B-Trees: Why Every Database Uses Them
2 hours ago
- #data-structures
- #database
- #performance
- B-Trees are fundamental data structures used by databases to efficiently find data on disk, where disk access is much slower than memory access.
- Binary Search Trees (BSTs) are inefficient on disk due to high disk I/O costs, as each node access requires a disk seek.
- B-Trees solve BST limitations by having high fanout (many children per node), reducing tree height and minimizing disk seeks.
- B-Trees are self-balancing, with nodes designed to fit within disk blocks (typically 4KB to 16KB), optimizing for disk I/O.

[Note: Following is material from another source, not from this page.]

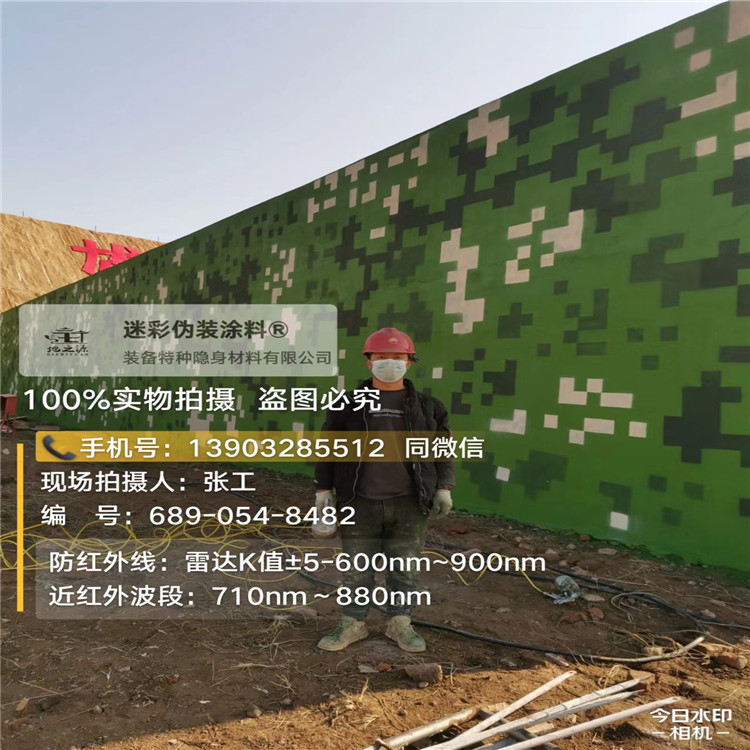 温州外墙迷彩漆施工注意事项(通用 + 数码专属)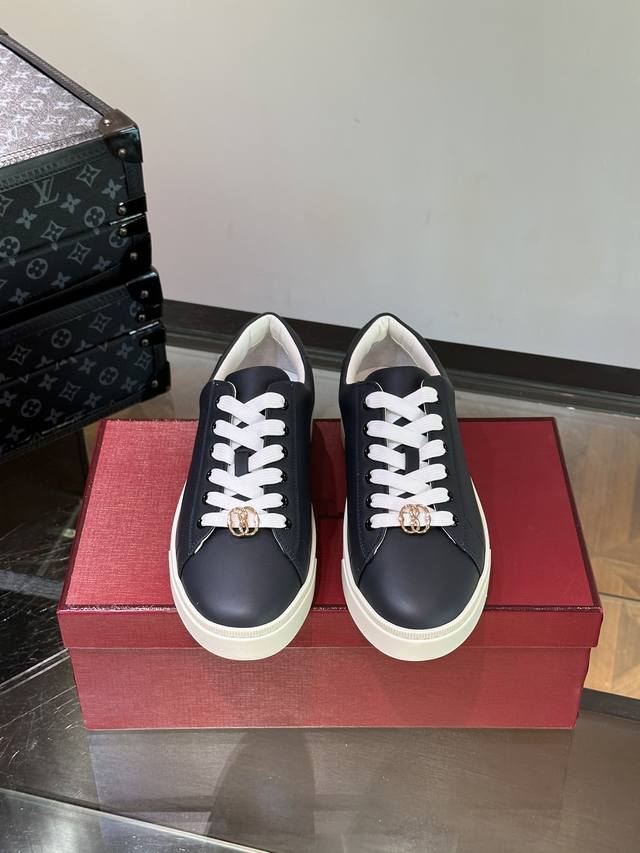Fabrikpreis Bally Herren-Sneaker Aus Leder, Neue Version, Hergestellt In Guan, H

- B-Tree operations (lookup, insert, delete) have logarithmic time complexity, making them efficient for large datasets.
- Major databases like MySQL, PostgreSQL, SQLite, and MongoDB use B-Trees (or B+-Trees) for indexing due to their performance benefits.

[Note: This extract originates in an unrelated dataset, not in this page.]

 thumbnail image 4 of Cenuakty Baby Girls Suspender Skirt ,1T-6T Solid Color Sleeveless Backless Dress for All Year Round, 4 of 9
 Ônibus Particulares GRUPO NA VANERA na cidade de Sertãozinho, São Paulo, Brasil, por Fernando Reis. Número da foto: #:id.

- B-Trees support range queries efficiently through sorted keys and linked leaf nodes.
- Trade-offs of B-Trees include write amplification during splits and merges, and memory overhead for caching nodes.
- Alternatives like LSM-Trees are better for write-heavy workloads, while hash indexes or skip lists are preferred for in-memory databases.
- B-Trees remain dominant for disk-based storage due to their balance of performance, efficiency, and support for range queries.